This Amendment further amends the Schedule 13D filed on May 3, 2019, and Amendments 1 through 20 that have been filed with respect thereto (collectively, the “Schedule 13D”).
Capitalized terms used herein but not otherwise defined herein shall have the respective meanings ascribed thereto in the Schedule 13D as amended hereby.
Item 4. | Purpose of Transaction |
Item 4 of the Schedule 13D is amended and supplemented by the addition of the following at the end of Item 4:
On September 29, 2023, Elizabeth C. Hitchcock resigned as a director of the Issuer. Mrs. Hitchcock had previously served on the Cybersecurity and Privacy Committee of the Board and by resigning as director, Mrs. Hitchcock also resigned from such Committee, as reported in Item 5.02 of the Issuer’s Current Report on Form 8-K filed with the SEC on September 22, 2023, which is incorporated herein by reference.

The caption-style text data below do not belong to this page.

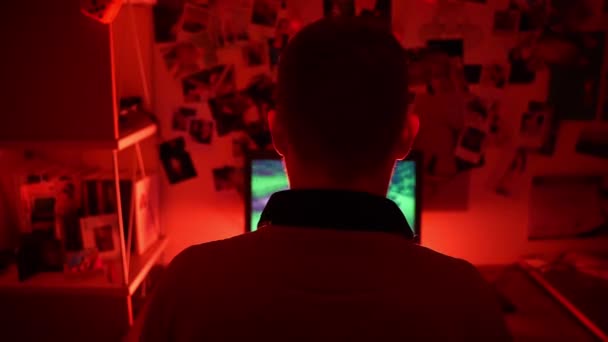 Vista posterior de un jugador profesional irreconocible sentado en una habitación oscura iluminada con luz de neón roja y jugando a videojuegos RPG cibernéticos y celebrando torneos con jugadores virtuales en una PC poderosa. Virtual — Vídeo de stock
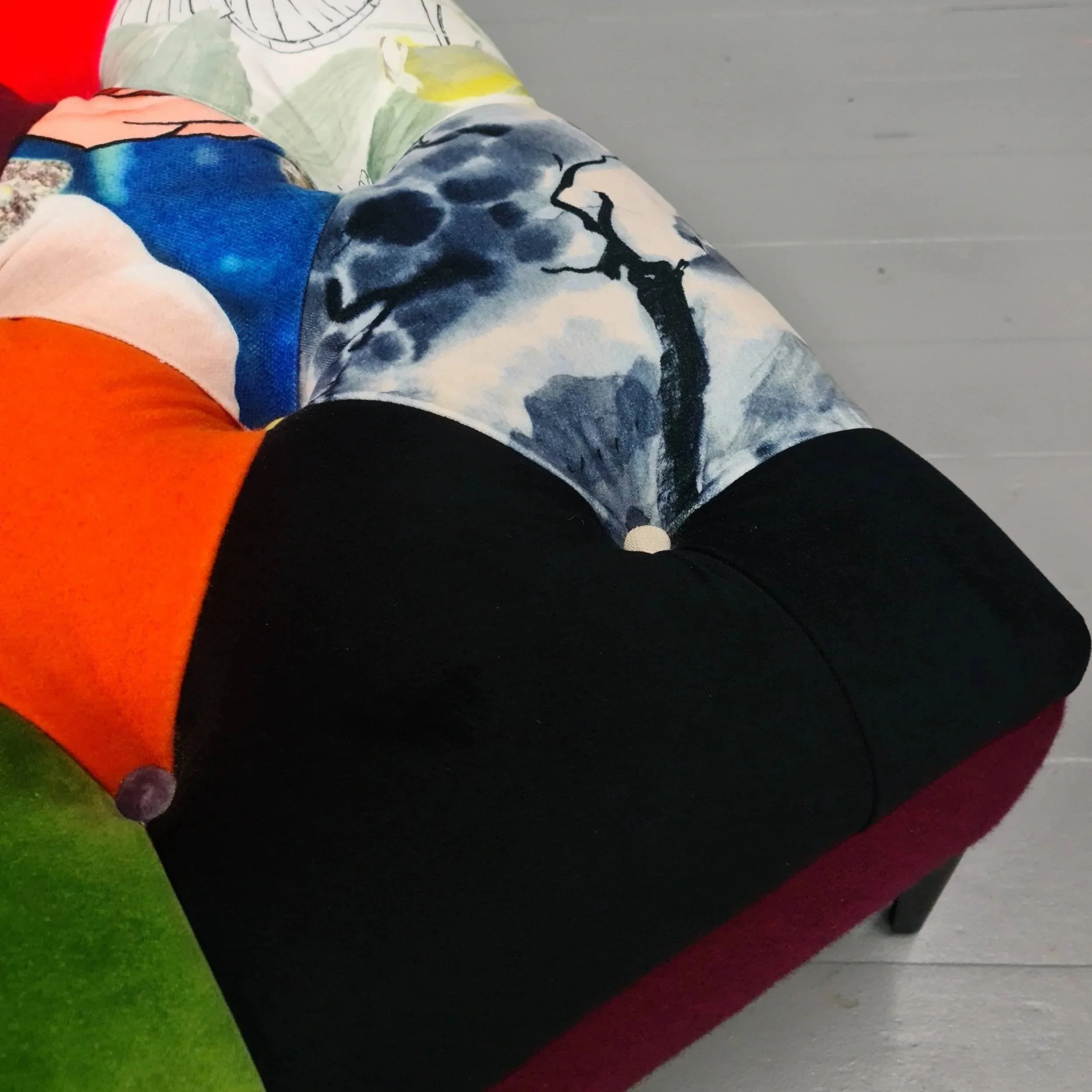 Close-up of a colorful patchwork velvet armchair with various patterned fabrics on the back and seat, set against a gray wall.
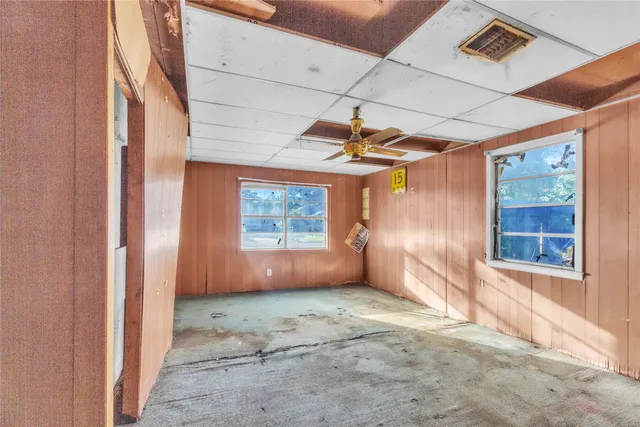 an empty room with windows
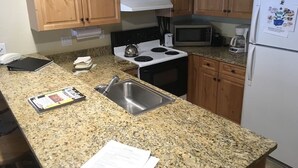 A kitchen with wooden cabinets, a granite countertop, a stainless steel sink, a stove, a microwave, and a refrigerator.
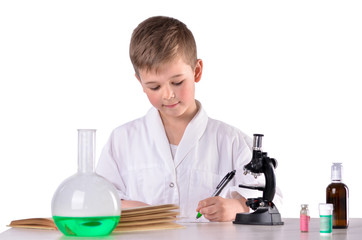 Fototapeta na wymiar Scientist boy in the chemistry lab write with a pen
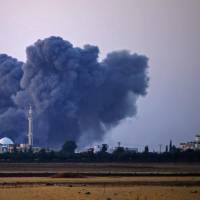 Smoke rises above rebel-held areas of the city of Saida, some 10 km east of Daraa, during reported airstrikes by Syrian regime forces on Wednesday. Syria\'s southern province of Daraa, one of the last rebel bastions, has been the target of a deadly regime offensive since June 19 that has forced around 300,000 people to flee. | AFP-JIJI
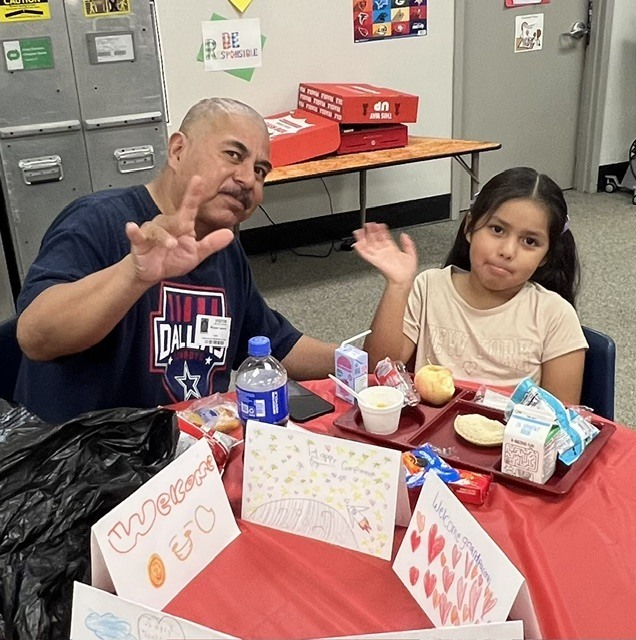 Student eating lunch with their grandparent.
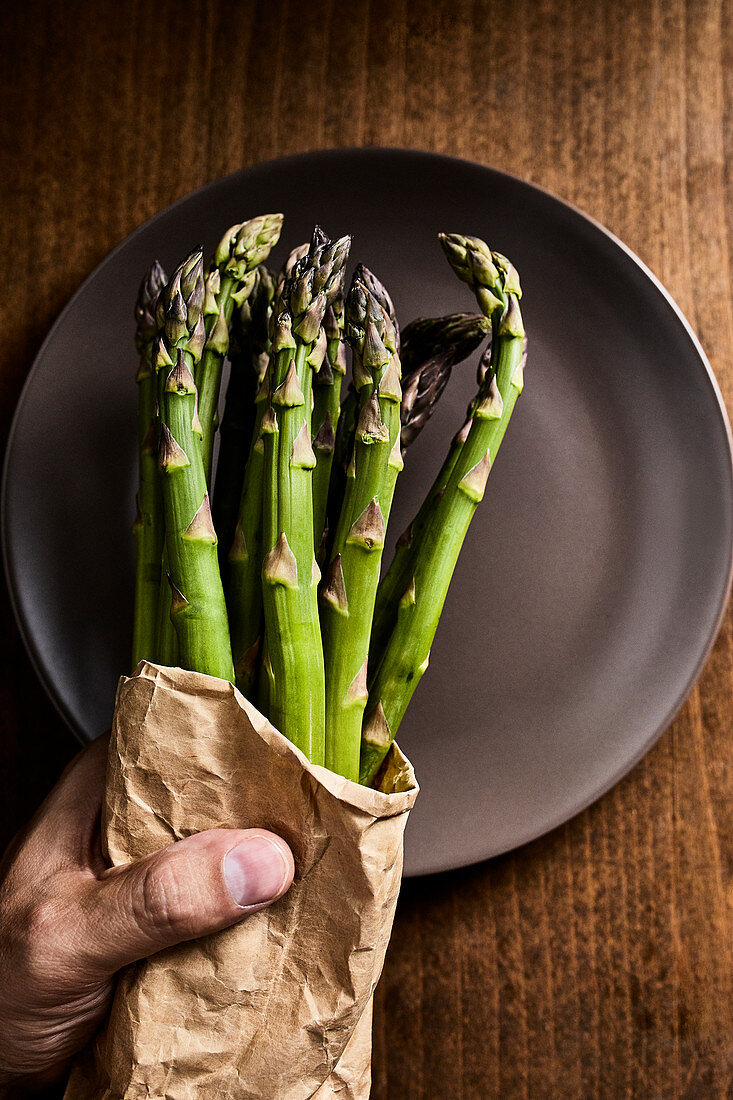Hand holding a bundle of fresh green asparagus in a paper bag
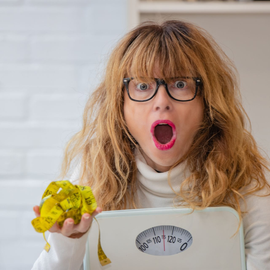 woman holding a scale
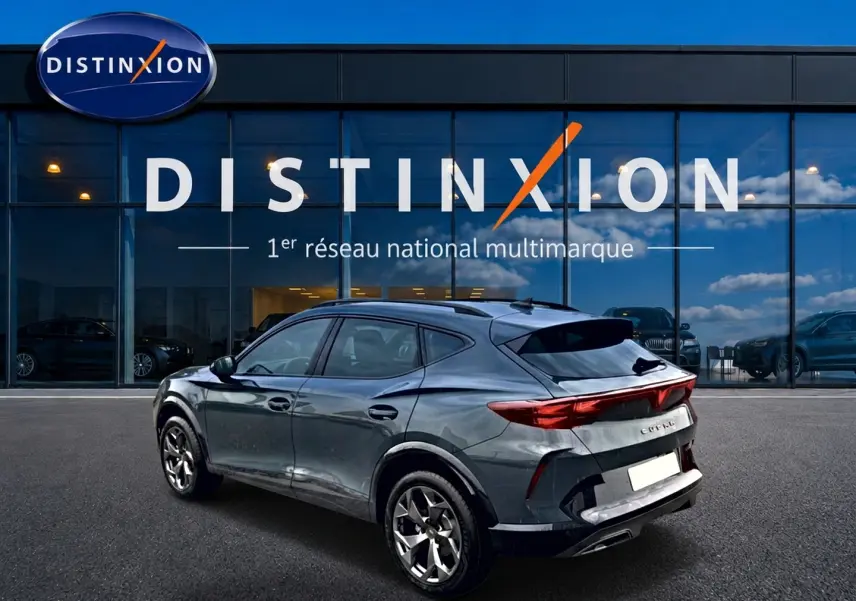 Vue 3/4 arrière d'un CUPRA Formentor bleu fjord 2026 avec feux arrière LED et jantes 18 pouces devant un showroom Distinxion.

On September 29, 2023, the Issuer entered into a non-binding letter of intent (the “Letter”) with a third party to purchase from the Issuer $2.4 million of convertible preferred stock and warrants, which, on a fully-diluted basis, would constitute a majority of the Issuer’s outstanding common stock and the proceeds of which would be used for the settlement of liabilities of the Company and its subsidiaries. The Letter provides that, upon closing of the transaction contemplated by the Letter, the third party and its nominees would be appointed to the Issuer’s Board of Directors and constitute at least a majority of it, and the third party would be engaged as CEO of the Issuer. The Letter may result in one or more of the transactions, events or actions specified in clauses (a) through (j) of Item 4 of Schedule 13D, including, without limitation, the disposition of securities of the Issuer, an extraordinary corporate transaction (such as a merger) involving the Issuer, delisting of the Common Stock from the Nasdaq and other material changes in the Issuer’s business or corporate structure. No assurance can be given that a definitive agreement will be reached or that the transaction contemplated by the Letter will be consummated. Each of the Issuer and the third party reserves the right to modify or withdraw the Agreement at any time.
Item 6. | Contracts, Arrangements, Understandings or Relationships with Respect to Securities of the Issuer |
The information set forth in Item 4 is incorporated herein by reference.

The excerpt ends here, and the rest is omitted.